BadgerのErrConflictについて

2020-02-29

はじめに

badger の README.md の Read-write transactions に ErrConflict について以下のように説明があります。

An ErrConflict error will be reported in case of a conflict. Depending on the state of your application, you have the option to retry the operation if you receive this error.

一方 DB の NewWriteBatch メソッドの API ドキュメントに blind writes は ErrConflict が起きないと書かれています。 batch.go#L35-L39

// NewWriteBatch creates a new WriteBatch. This provides a way to conveniently do a lot of writes,
// batching them up as tightly as possible in a single transaction and using callbacks to avoid
// waiting for them to commit, thus achieving good performance. This API hides away the logic of
// creating and committing transactions. Due to the nature of SSI guaratees provided by Badger,
// blind writes can never encounter transaction conflicts (ErrConflict).

ErrConflict は具体的にどういうときに起きるか気になったのでコードを読みました。

`ErrConflict` を返している個所

Txn の commitAndSend メソッド内の 1 箇所です。 txn.go#L466-L469

  commitTs := orc.newCommitTs(txn)
  if commitTs == 0 {
    return nil, ErrConflict
  }

oracle の newCommitTs メソッド txn.go#L167-L191

func (o *oracle) newCommitTs(txn *Txn) uint64 {
	o.Lock()
	defer o.Unlock()

	if o.hasConflict(txn) {
		return 0
	}

	var ts uint64
	if !o.isManaged {
		// This is the general case, when user doesn't specify the read and commit ts.
		ts = o.nextTxnTs
		o.nextTxnTs++
		o.txnMark.Begin(ts)

	} else {
		// If commitTs is set, use it instead.
		ts = txn.commitTs
	}

	for _, w := range txn.writes {
		o.commits[w] = ts // Update the commitTs.
	}
	return ts
}

oracle の hasConflict メソッド txn.go#L152-L165

// hasConflict must be called while having a lock.
func (o *oracle) hasConflict(txn *Txn) bool {
	if len(txn.reads) == 0 {
		return false
	}
	for _, ro := range txn.reads {
		// A commit at the read timestamp is expected.
		// But, any commit after the read timestamp should cause a conflict.
		if ts, has := o.commits[ro]; has && ts > txn.readTs {
			return true
		}
	}
	return false
}

Txn の reads フィールドと oracle の commit フィールドを突き合せてコンフリクトがあるかを判定しています。

`oracle` の `commits` フィールド

oracle 構造体 txn.go#L34-L59

type oracle struct {
	// A 64-bit integer must be at the top for memory alignment.
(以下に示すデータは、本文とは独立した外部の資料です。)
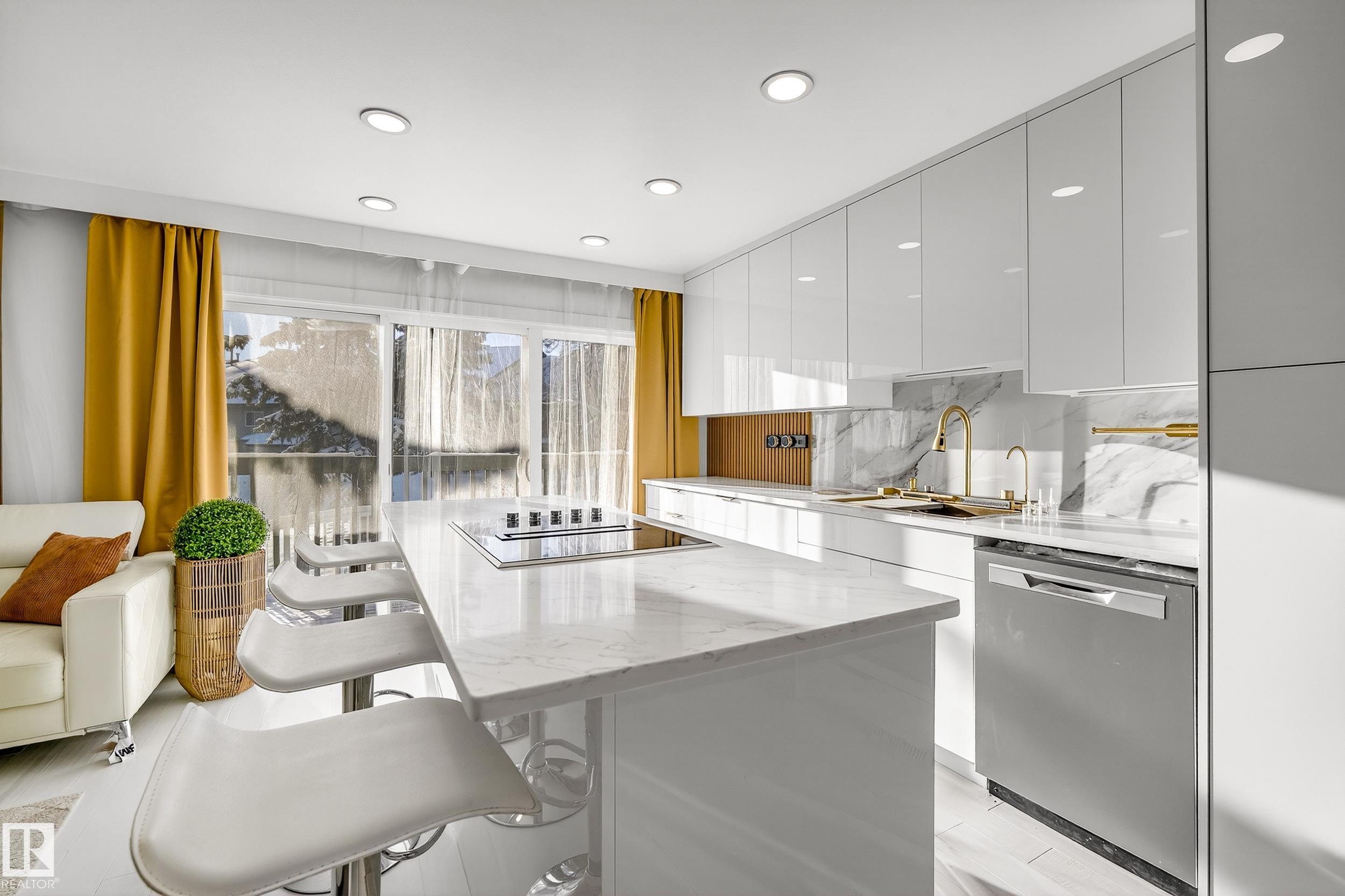 11A Meadowlark Village NW, West Meadowlark Park, Edmonton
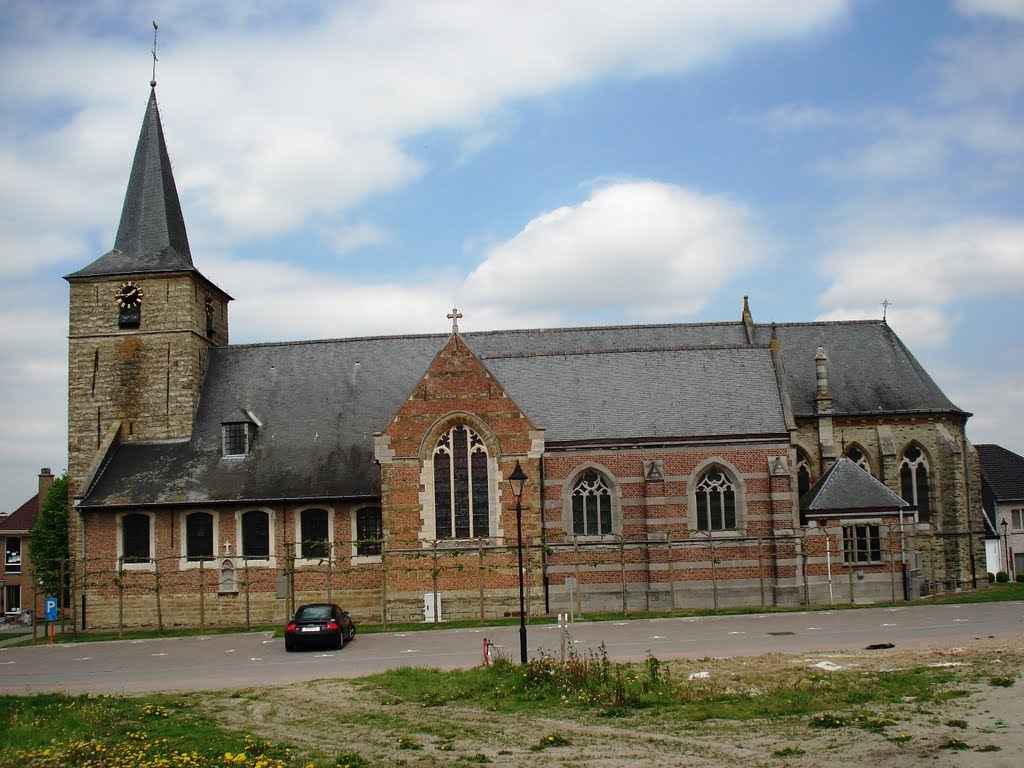 Deftinge : De Sint-Ursmaruskerk . by MDM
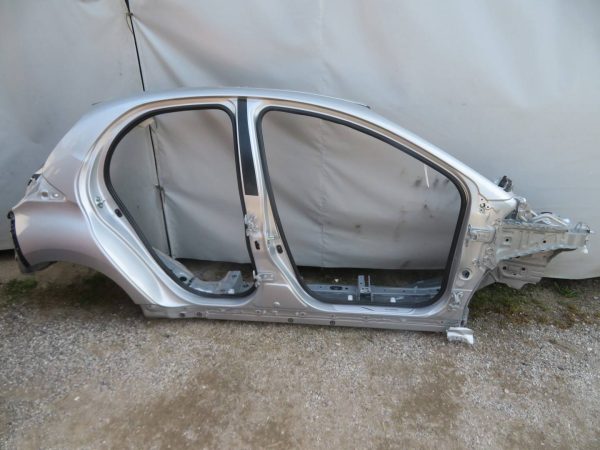 TOYOTA YARIS L.20, REZAN KOS, DESNA STRANICA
See issue #311.
	refCount  int64
	isManaged bool // Does not change value, so no locking required.

	sync.Mutex // For nextTxnTs and commits.
	// writeChLock lock is for ensuring that transactions go to the write
	// channel in the same order as their commit timestamps.
	writeChLock sync.Mutex
	nextTxnTs   uint64

	// Used to block NewTransaction, so all previous commits are visible to a new read.
	txnMark *y.WaterMark

	// Either of these is used to determine which versions can be permanently
	// discarded during compaction.
	discardTs uint64       // Used by ManagedDB.
	readMark  *y.WaterMark // Used by DB.

	// commits stores a key fingerprint and latest commit counter for it.
	// refCount is used to clear out commits map to avoid a memory blowup.
	commits map[uint64]uint64

	// closer is used to stop watermarks.
	closer *y.Closer
}

commits フィールドの値を更新しているのは上記にもある oracle の newCommitTs メソッド内の 1 箇所だけでした。

txn.go#L187-L189

	for _, w := range txn.writes {
		o.commits[w] = ts // Update the commitTs.
	}

oracle の decrRef メソッド内で commits のマップを作り直す場合があります。 txn.go#L99-L101

	if len(o.commits) >= 1000 { // If the map is still small, let it slide.
		o.commits = make(map[uint64]uint64)
	}

`Txn` の `reads` フィールドの更新箇所

Txn 構造体 txn.go#L201-L218

// Txn represents a Badger transaction.
type Txn struct {
	readTs   uint64
	commitTs uint64

	update bool     // update is used to conditionally keep track of reads.
	reads  []uint64 // contains fingerprints of keys read.
	writes []uint64 // contains fingerprints of keys written.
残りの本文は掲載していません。